Genre : Epouvante, horreur, fantastique

Durée : 133’

Acteurs : Lily-Rose Depp, Bill Skarsgård, Willem Dafoe, Nicholas Hoult, Emma Corrin, Aaron Taylor-Johnson, Simon McBurney, Ralph Ineson...

Synopsis :
Une histoire gothique d’obsession entre une jeune femme hantée et le vampire terrifiant qui s’est entiché d’elle, provoquant une horreur indicible dans son sillage.

La critique de Julien

Et si c’était la providence d’avoir la chance de découvrir "Nosferatu" dès le jour de Noël ? Après "The Witch" (2015), ayant révélé l’actrice Anya Taylor-Joy, "The Lighthouse" (2020) et "The Northman" (2022), l’ambitieux cinéaste Robert Eggers a enfin réussi à déterrer le "Nosferatu" de Murnau (1922), chef-d’œuvre allemand de cinéma expressionniste et muet, souvent considéré comme le véritable premier film d’horreur de l’histoire.
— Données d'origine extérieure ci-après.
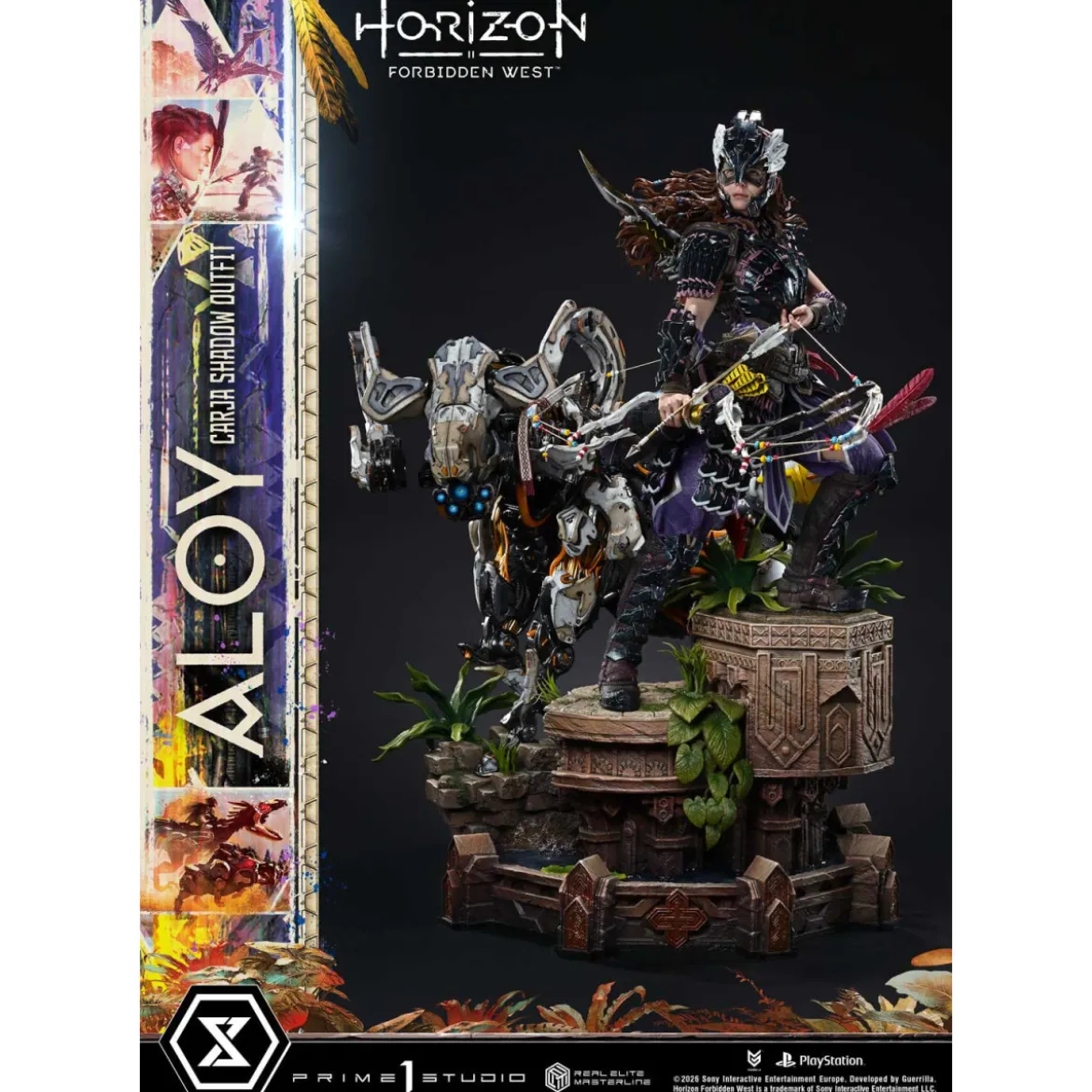 Prime 1 Studio - Aloy Carja Shadow Outfit - Horizon Forbidden West Real Elite Masterline 1/3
Or, quand on sait que le cinéaste américain avait commencé le développement de ce film il y a dix ans, prévoyant ainsi d’en faire son second effort, on n’ose imaginer l’aura que ce projet a soulevé en lui depuis toutes ces années, lequel le qualifie comme son film le plus personnel, lui qui a ainsi grandi avec l’image et la performance d’acteur de Max Schreck, lesquelles l’ont hanté lorsqu’il était enfant. Or, l’attente en valait bien la chandelle, puisque "Nosferatu", réalisé avec son équipe artistique de confiance, est bien ce remake gothique qu’on attendait depuis des lustres, tel un vampire attendant la nuit pour sortir de son cercueil, et asseoir son règne de terreur...
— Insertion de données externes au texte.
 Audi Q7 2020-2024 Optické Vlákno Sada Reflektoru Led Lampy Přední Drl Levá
D’emblée, une (re)mise en contexte est nécessaire pour comprendre la fascination de Robert Eggers envers l’œuvre de Murnau, ayant plus d’un siècle d’existence controversée. Oui, oui ! "Nosferatu (Eine Symphonie des Grauens)" (1922), c’est avant toute chose une adaptation sans ayants droit - et donc non-officielle - du roman "Dracula" (1897) de Bram Stoker. Autrement dit, ledit vampire n’est autre qu’une version de Dracula lui-même ! C’est d’ailleurs parce que le studio d’époque Film Prana n’avait pas les droits sur le roman que Murnau et le scénariste Henrik Galeen ont modifié plusieurs détails et noms, dont celui du vampire, rebaptisé le comte Orlok, puis bien évidemment Nosferatu, venant du roumain, et dont l’étymologie suggère Nesuferitu`, signifiant "l’insupportable". Or, malgré ces subtiles - mais faibles - modifications, les héritiers de Stoker (dont sa veuve, Florence), à l’époque, avaient intenté une action en justice aboutissant à une ordonnance de destruction pure et simple de toutes les copies du film, tout comme il est nécessaire - selon les croyances folkloriques - de détruire le corps d’un vampire pour étancher sa soif de sang. Sauf que des copies pirates survirent (au contraire de son studio qui, lui, mis la clef sous le paillasson), jusqu’à aujourd’hui, faisant de "Nosferatu" un modèle de film du cinéma d’horreur, au-delà de l’œuvre de Stoker, ayant engendré d’innombrables adaptations. C’est d’ailleurs en 1979 que Werner Herzog offrit au film de Murnau un effrayant premier remake, "Nosferatu the Vampire", stylistiquement proche des décors contés dans le roman "Dracula" (1897), mais reprenant davantage des ingrédients du film de Murnau (1922), et mettant en vedette l’acteur allemand Klaus Kinski en comte Dracula, Isabelle Adjani dans le rôle de Lucy Harker, Bruno Ganz dans celui de Jonathan Harker, et l’artiste-écrivain français Roland Topor en célèbre Renfield. On comprend dès lors l’envie viscérale qu’a pu faire naître chez Eggers le besoin sanguin de réaliser sa propre version de l’histoire, d’autant plus lorsque celle-ci n’a connu que deux versions, dont la plus célèbre n’est pas reconnue comme légale. Or, Robert Eggers réussit ici à rendre hommage au film muet de Murnau, tout en l’imprégnant de son style cinématographique et de modernité désabusée, prolongeant ainsi l’horreur dans l’Allemagne balte des années 1830...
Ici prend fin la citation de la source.